| Task data |
•••••
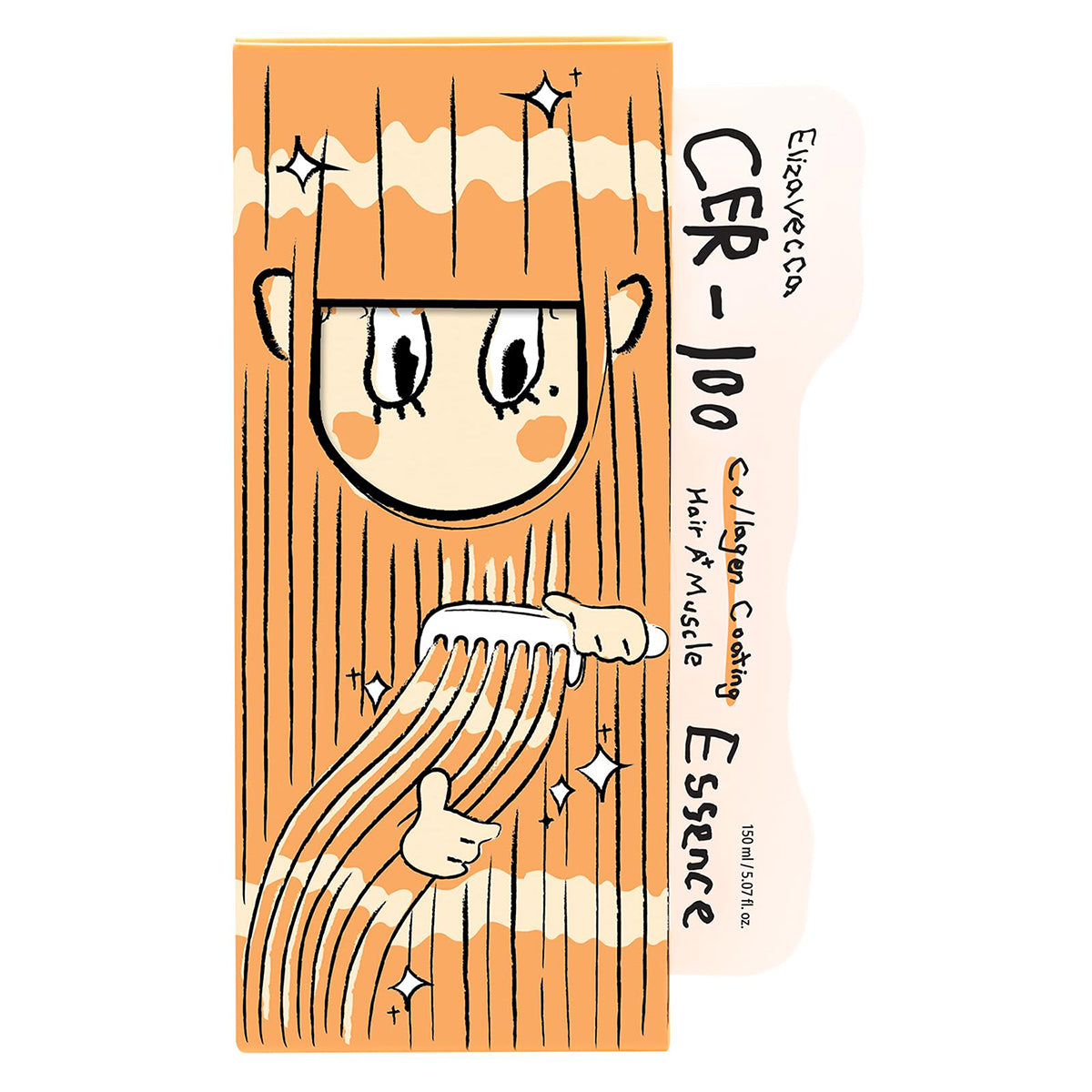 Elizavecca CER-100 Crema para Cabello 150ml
•••••
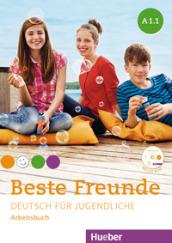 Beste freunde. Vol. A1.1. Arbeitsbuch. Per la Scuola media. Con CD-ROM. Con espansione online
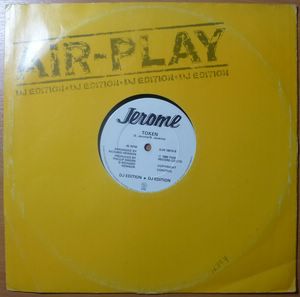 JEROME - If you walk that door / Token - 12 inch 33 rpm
•••••
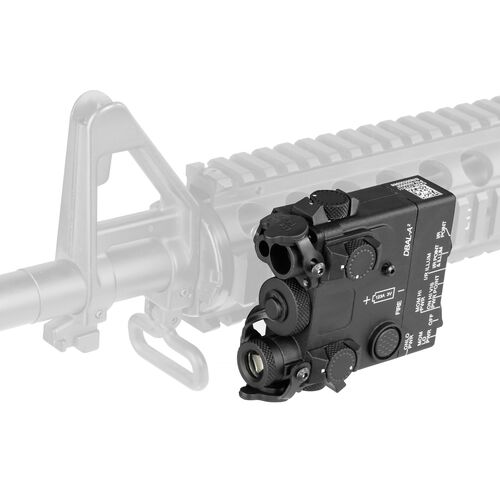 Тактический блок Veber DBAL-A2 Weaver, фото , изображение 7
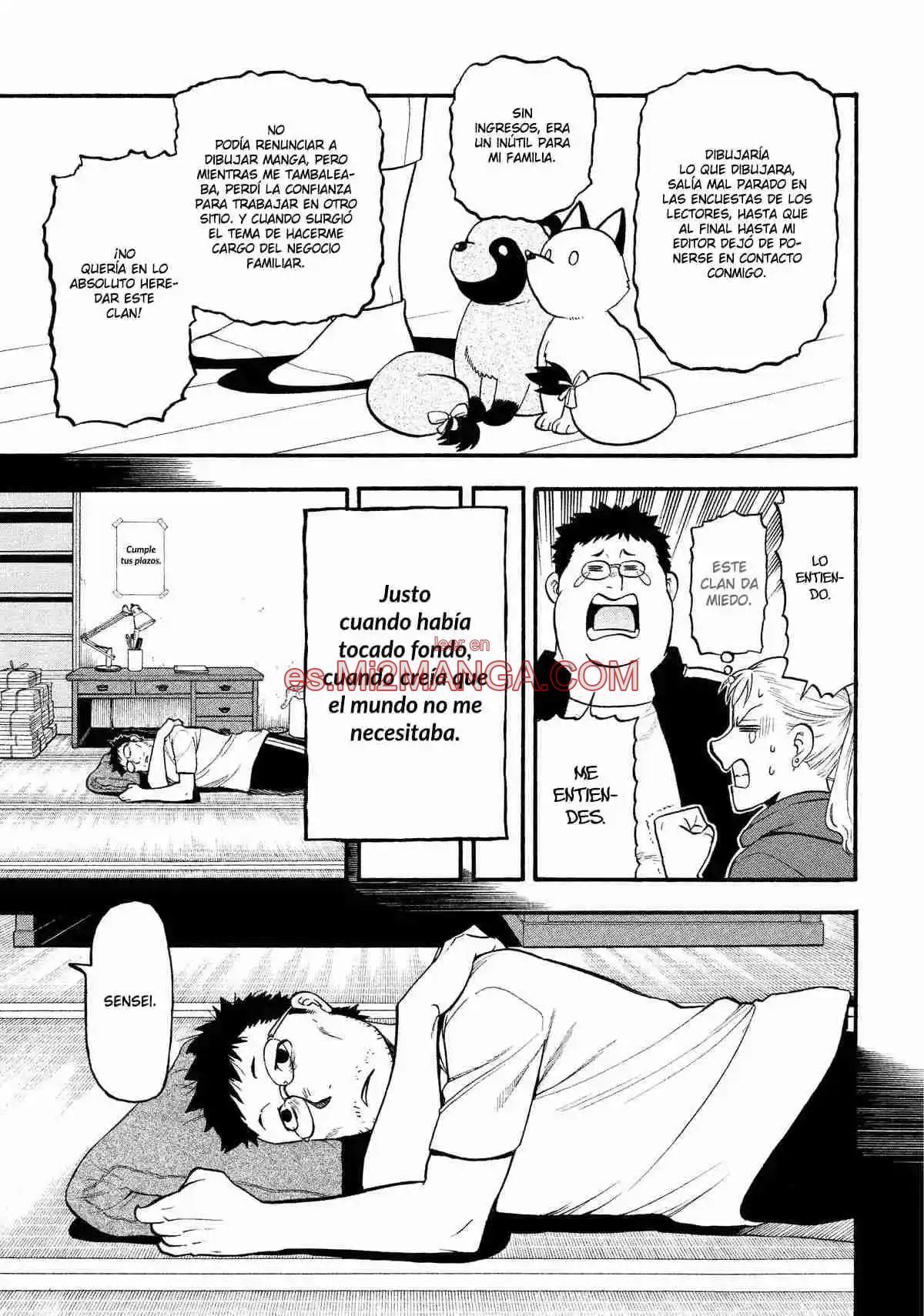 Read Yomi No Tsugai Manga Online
•••••
| About this task |
Skipping every picture, transcribe exactly the lines above from the one containing "Beste freunde. Vol." through the one containing "JEROME - If", both included.

| Reply to the exercise |
 Beste freunde. Vol. A1.1. Arbeitsbuch. Per la Scuola media. Con CD-ROM. Con espansione online
 JEROME - If you walk that door / Token - 12 inch 33 rpm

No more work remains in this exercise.